Joker in Joker dances frequently, at work and at home, but two dance scenes are key. The first one is the bathroom scene, right after Joker kills for the first time, having been taunted too much for too long. Initially this scene was not written as a dance scene. The dancing was improvised by Joaquin Phoenix to the hypnotic music of composer Hildur Guðnadóttir. The second scene is the stairs scene, while Joker is on his way to the tv show, so right before he acts violently, this time premeditated. Here the dance was premeditated too: written, choreographed and prepared. I want to take a closer look at both scenes, their meaning and differences.
The Bathroom Dance, showing yourself who you are
After the murders in de train Joker runs (clumsily? childlike?) away through a dark part of town, a big plastic laundry bag still in his hand. He finds a public rundown bathroom, closes the door and holds two hands on the door, catching his breath. He feels the weight of his arms against the door (his own presence in the world) and he starts to dance. The camera shows his feet first, he begins to move slowly and expressively. The camera moves up and we see his arms and face. He dances to process and express what happened and what he did. He doesn’t dance for a public, not to be seen, it is uniquely personal and uniquely for that moment in his life. The movements are slow, his arms extend, curve, make shapes, his hands are expressive. He ends the dance in front of the mirror, his arms wide open (for the final bow) and he looks at himself. He presents himself to himself. This is who I am.
(The following scenes show a changed Joker, a determined Joker. He knows who he is. He will from now on be someone who acts in the world, not just someone who gets acted upon.)

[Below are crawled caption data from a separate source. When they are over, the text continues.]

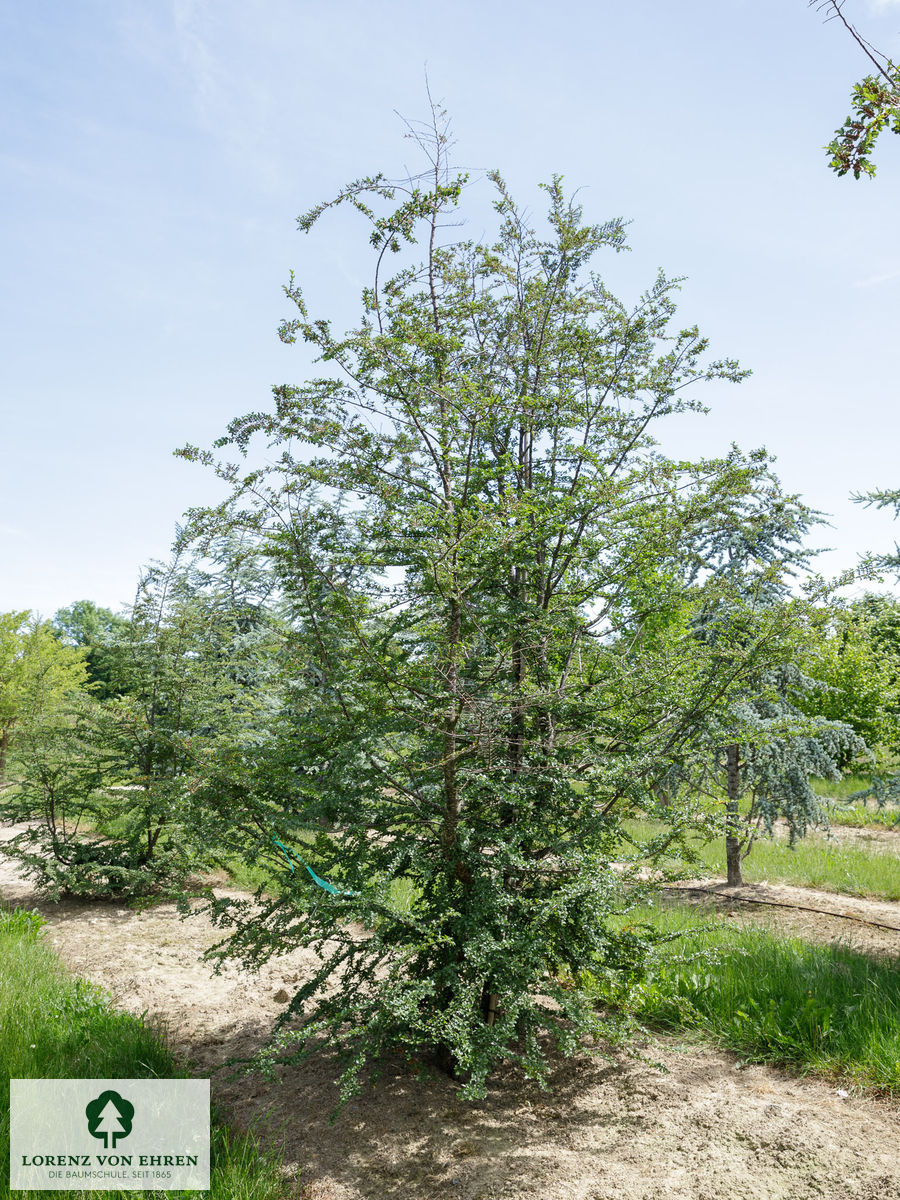 Nothofagus antarctica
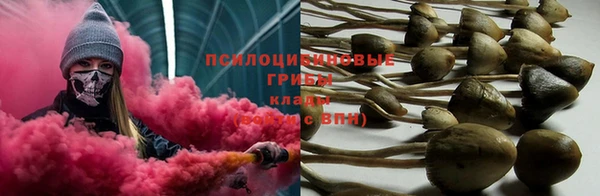 прущие грибы Бугульма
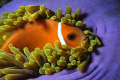 A clownfish resting in his soft bed...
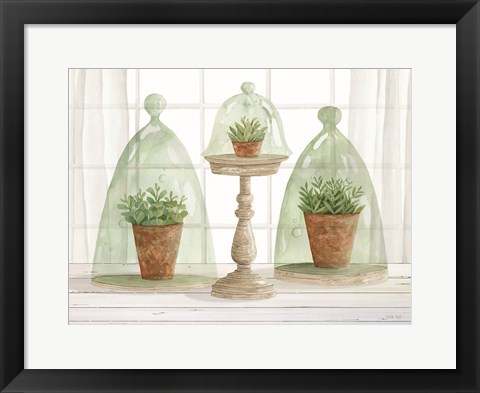 Framed Garden Cloche Trio I Print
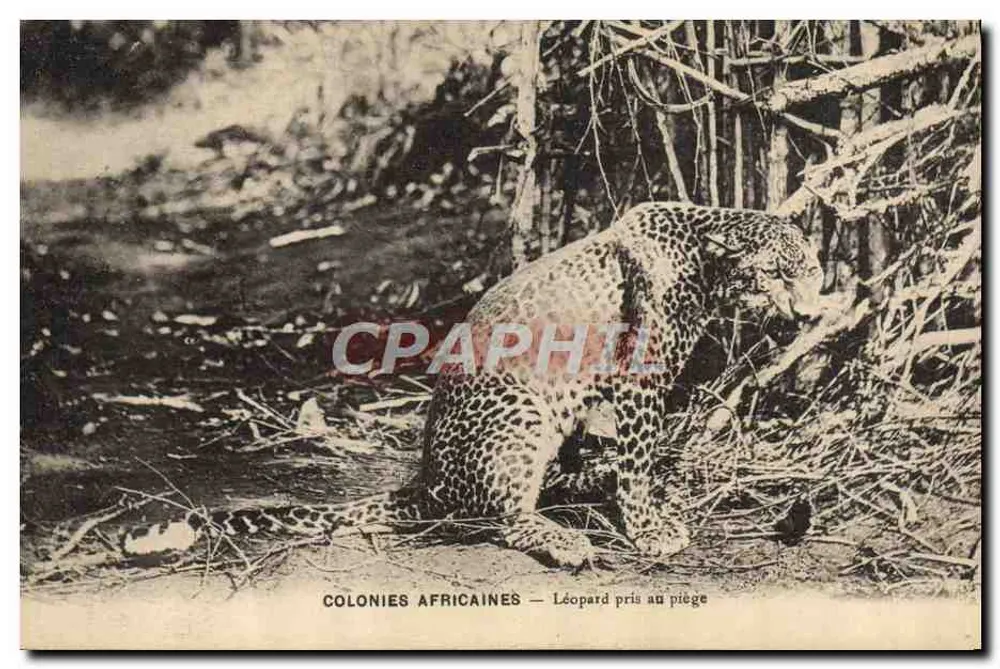 Afrikanische Kolonien — Leopard im Käfig — Phototypie J. Blenaine, Reims - Vorderseite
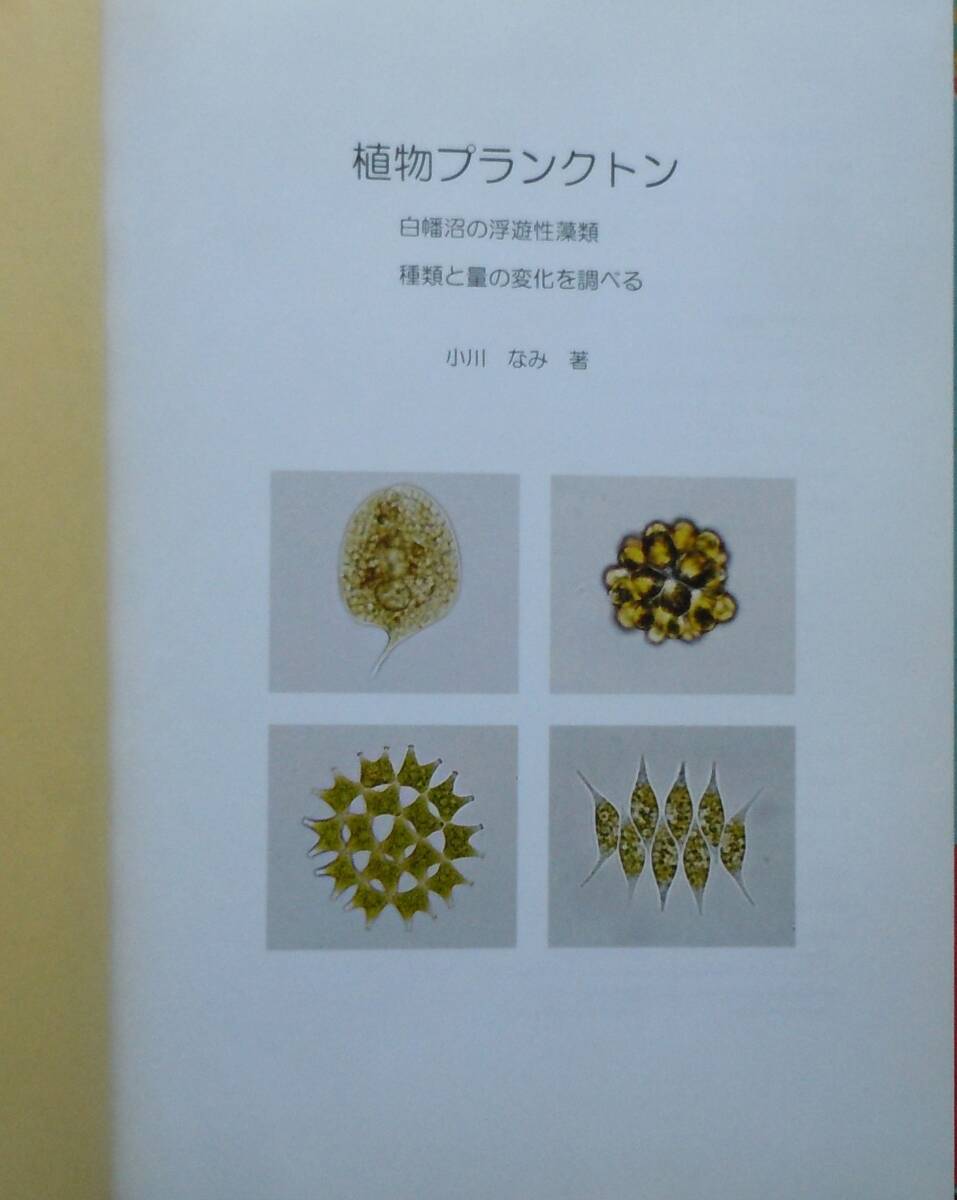 ★程度良好★植物プランクトン　白幡沼の浮遊性藻類種類と量の変化を調べる　小川なみ　悠光堂　223頁　A4判★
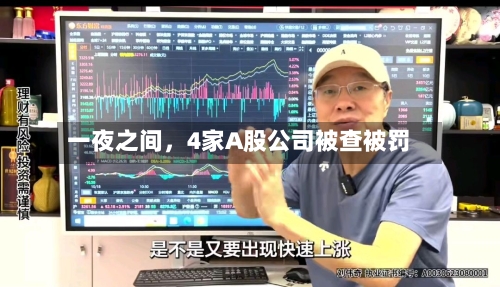 一夜之间，4家A股公司被查被罚-第2张图片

The Stairs Dance, showing the world who you are
The Stairs dance happens while Joker is on his way to the studio, so before he is going to execute a murder. He looks forward to what he’s going to do. He dances down the stairs with much gusto. Everybody knows the scenes from old big shows where the famous celebrities walk down from the stairs, descending graciously (and temporarily) to the level of the public. Everybody recognizes his dance moves from old movies or new video clips. The kicking of the legs, the pulling of the elbows. This is not about a unique, personal expression. These moves are part of a social language most of us speak ( sometimes subconsciously) fluently. This is about fame, about status, about making things happen. A choreographed move, (if it is the Can-Can, Gangnam style or the tapping from The Old Soft Shoe) offers a fixed form for anyone to participate in. In a choreography you participate in and are part of the world. You show your choice of presentation.
It’s not strange the stairs scene has become a meme, and the actual stairs have become a tourist hotspot for making insta pictures. We can go there and kick our leg. The form and the location is open for all of us.
Joker is prepared for being on live TV. He dances down the stairs. The camera shows his elated state and wild plans by going a bit wild in movement itself: slowing down in time, flipping the camera position above him, zooming in on his confident smile. He dances freely like he is alone, but the form of the dance shows his mind is about what he is going to do in the world. He acts out his social persona and fantasies. To show the world who he is. To Answer back.
This scene does make a perfect counter to the bathroom scene because this scene ends with him running away. This time not clumsily. He knows where he needs to go.
In the end Joker laughs. The friction stays. They will never get it anyway.